Obama Has More Than Tripled The Number Of Troops In Iraq
And why the real number of American boots are on the ground in Iraq is still not clear
The Obama administration on Monday said that it will send more than 200 additional troops into Iraq to assist that government’s forces fighting the Islamic State. The latest deployment, which includes more Special Operations forces, will bring the official number of American boots on the ground in Iraq to 4,087. In reality, that figure is even higher because the Pentagon doesn’t include commandos or any serviceman or woman who is supposed to spend less than four months in the country in its count—a fact that came to light only after an undisclosed artillery unit came under ISIS fire last month and a U.S. Marine was killed.

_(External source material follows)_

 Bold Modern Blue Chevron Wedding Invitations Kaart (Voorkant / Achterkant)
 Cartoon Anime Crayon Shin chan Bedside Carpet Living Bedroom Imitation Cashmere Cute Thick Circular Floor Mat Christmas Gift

Though the number of U.S. forces in the country remain a fraction of the 150,000 who fought there at the height of the Iraq War, the White House continues to bill the battle against ISIS as one where American troops are few, and far from the front lines. The Pentagon has repeatedly downplayed the role U.S. troops are playing in the campaign, even as their mission in Iraq quietly expands and their numbers grow. For months, Obama even insisted that U.S. troops would not set foot on the battlefield, a statement he’d eventually have to walk back.
“You know, when I said, ‘No boots on the ground,’ I think the American people understood generally that we’re not going to do an Iraq-style invasion of Iraq or Syria with battalions that are moving across the desert,” he told CBS News last December.
Instead, the president and his military advisers have slowly run up the number of U.S. troops in Iraq over the last 18 months. Even by the Pentagon’s conservative figure, there are nearly three-times the number of American forces in Iraq than there were in November 2014. Here’s how that happened, and why we still don’t know how many exactly are really there on the ground.
November 7, 2014
President Obama authorizes the deployment of 1,500 additional U.S. troops to Iraq, doubling the number of American forces already in the country. Their mission: train Iraqi and Kurdish fighters battling ISIS.
June 10, 2015
Weeks after Islamic State militants captured the western city of Ramadi, the White House announces it will send 450 more American troops into Iraq. These “train and assist” troops bring the official number of U.S. troops to 3,550, according to the Pentagon.
December 1, 2015
Pentagon officials say they will increase the number Special Operations forces in Iraq by at least 100, once again raising the number of authorized troops in the country. The commandos are there to conduct raids and other combat missions. Officials decline to provide an exact number of U.S. troops in the country.
February 3, 2016
Pressed by reporters, Col. Steve Warren, the top military spokesman in Baghdad, admits there are around 4,500 U.S. troops in Iraq, roughly 700 more than the official number given by the Obama administration.
March 21, 2016
Military officials say the number of U.S. service members in Iraq is actually closer to 5,000, an admission made only after a Marine is killed at a base outside of Makhmur. The Marine was part of a previously undisclosed artillery unit deployed to northern Iraq. The official American troop count, however, remains at 3,870.
April 18, 2016
Defense Secretary Ashton Carter says the U.S. will send an additional 217 troops, including more commandos, into Iraq. That boosts the official number of American forces in Iraq to 4,087. The actual number is still unclear.